-- Problem statement --
Apart from the images, every record here needs to be copied exactly.

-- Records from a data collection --
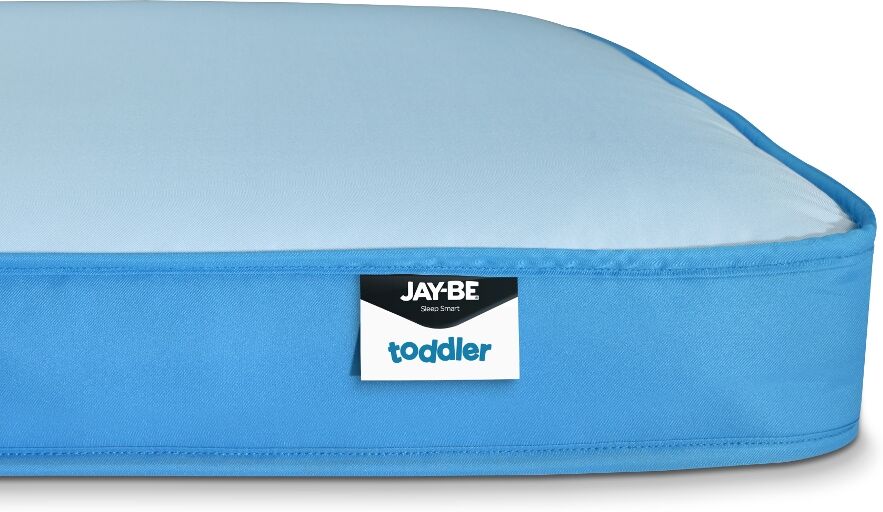 Happy Beds Jay-Be Toddler Foam Free Waterproof Spring Mattress - 70 x 140 cm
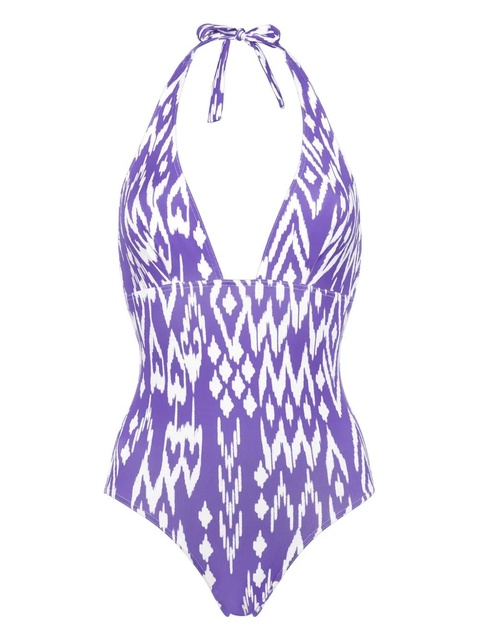 ERES Sunny halterneck swimsuit - Purple - zdjęcie produktu nr 1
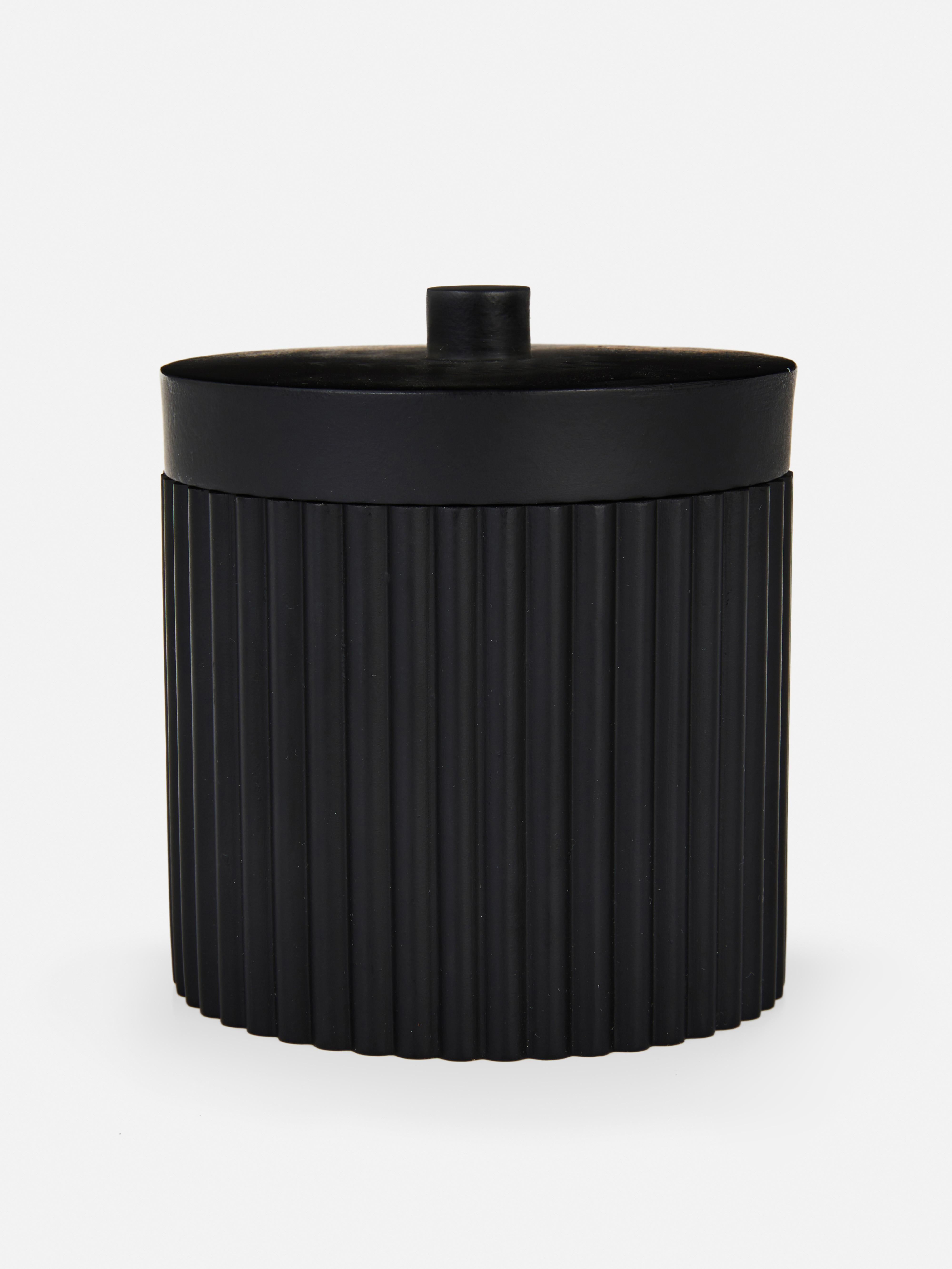 Ribbed Bathroom Storage Box Primark
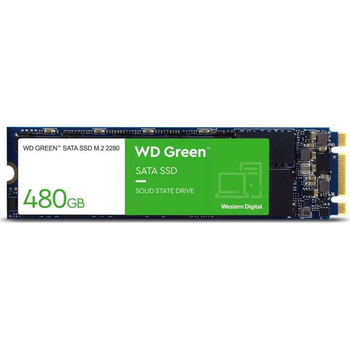 Накопичувач SSD SATA M.2 480GB 6GB/S GREEN Western DigitalS480G3G0B Western DigitalC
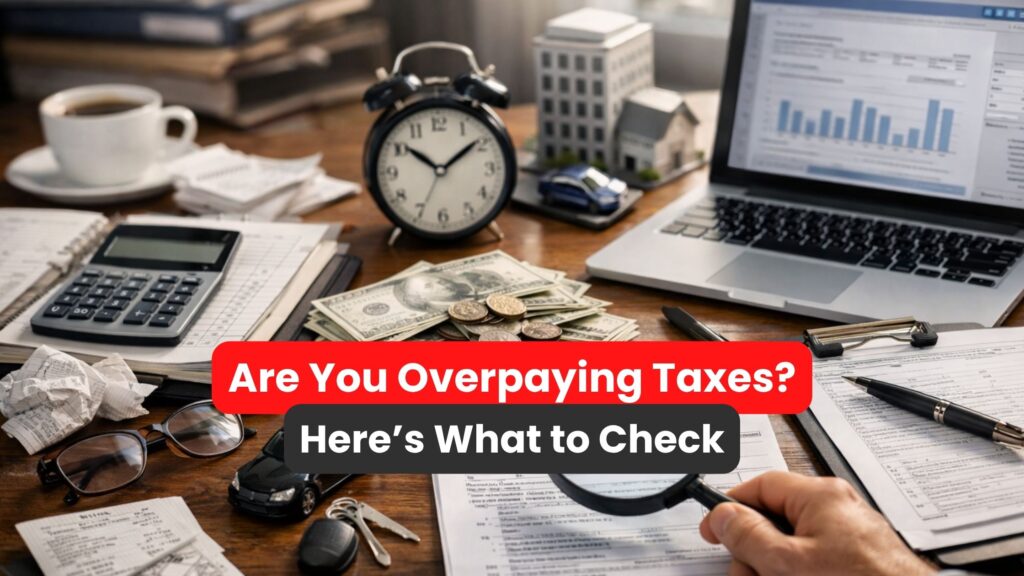 overpaying taxes small business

-- The answer --
 Happy Beds Jay-Be Toddler Foam Free Waterproof Spring Mattress - 70 x 140 cm
 ERES Sunny halterneck swimsuit - Purple - zdjęcie produktu nr 1
 Ribbed Bathroom Storage Box Primark
 Накопичувач SSD SATA M.2 480GB 6GB/S GREEN Western DigitalS480G3G0B Western DigitalC
 overpaying taxes small business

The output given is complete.